Author: Katherine Tomasson
Publisher:
ISBN:
Category : Culloden, Battle of, 1746
Languages : en
Pages : 314
Book Description
“Miss Tomasson comes of an old Derbyshire family connected with that of the last Englishman to die for the Stuarts-Charles Radclyffe, titular Earl of Derwentwater. He was captured at sea on his way to Montrose, and thereby failed to join the Prince's Standard. Perhaps it was in an endeavour to repair this omission that Miss Tomasson attended the Bi-Centenary of the Raising of the Standard at Glenfinnan in 1945. Thereafter she joined " The Forty-Five Association" and began to undertake historical research work in Perthshire. In the Charter Room at Blair Castle her adventures in discovery took a dramatic turn; for she brought to light a bundle of notes written by Lord George Murray himself, and intended for a history of the '45, as well as several hundred letters written by him and by his brother, the Jacobite Duke of Atholl. Miss Tomasson prepared then to write a biography of this " Duke William," but the dominating personality of Lord George kept thrusting itself through all the mass of books and documents she consulted, so that in the end (somewhat to her annoyance) it was of Lord George that she wrote.

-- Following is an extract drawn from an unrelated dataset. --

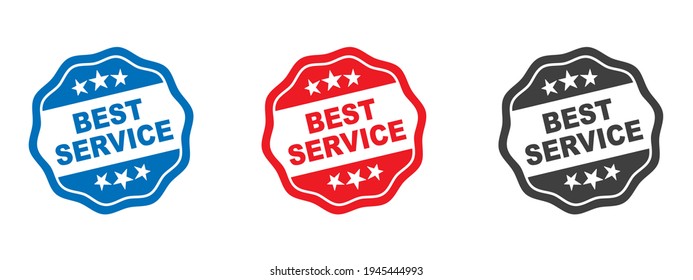 mejor marca de conjunto de servicios. signo de mejor servicio de vintage redondeado.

This is History, but alive and thrilling. The author has studied the lives and characteristics of each of the Prince's eighteen councillors and of many lesser officers. The characters speak for themselves and the campaign is described from their point of view. Their accounts of marches, sieges and battles have been pieced together with care and after a close inspection of the ground over which the armies fought. The Earl of Perth, in his Foreword, underlines the thoroughness with which the late Duke of Atholl (to whom the book is dedicated) and Miss Tomasson refought these battles—particularly Culloden—with models and scale plans and much friendly argument. Certain things emerge clearly from this book: the loyalty of the clansmen; the high character of the Chiefs and the leading Scottish officers, and their unswerving loyalty to the son of their rightful King; and the outstanding ability of that most controversial character, Lord George Murray.”-Publisher.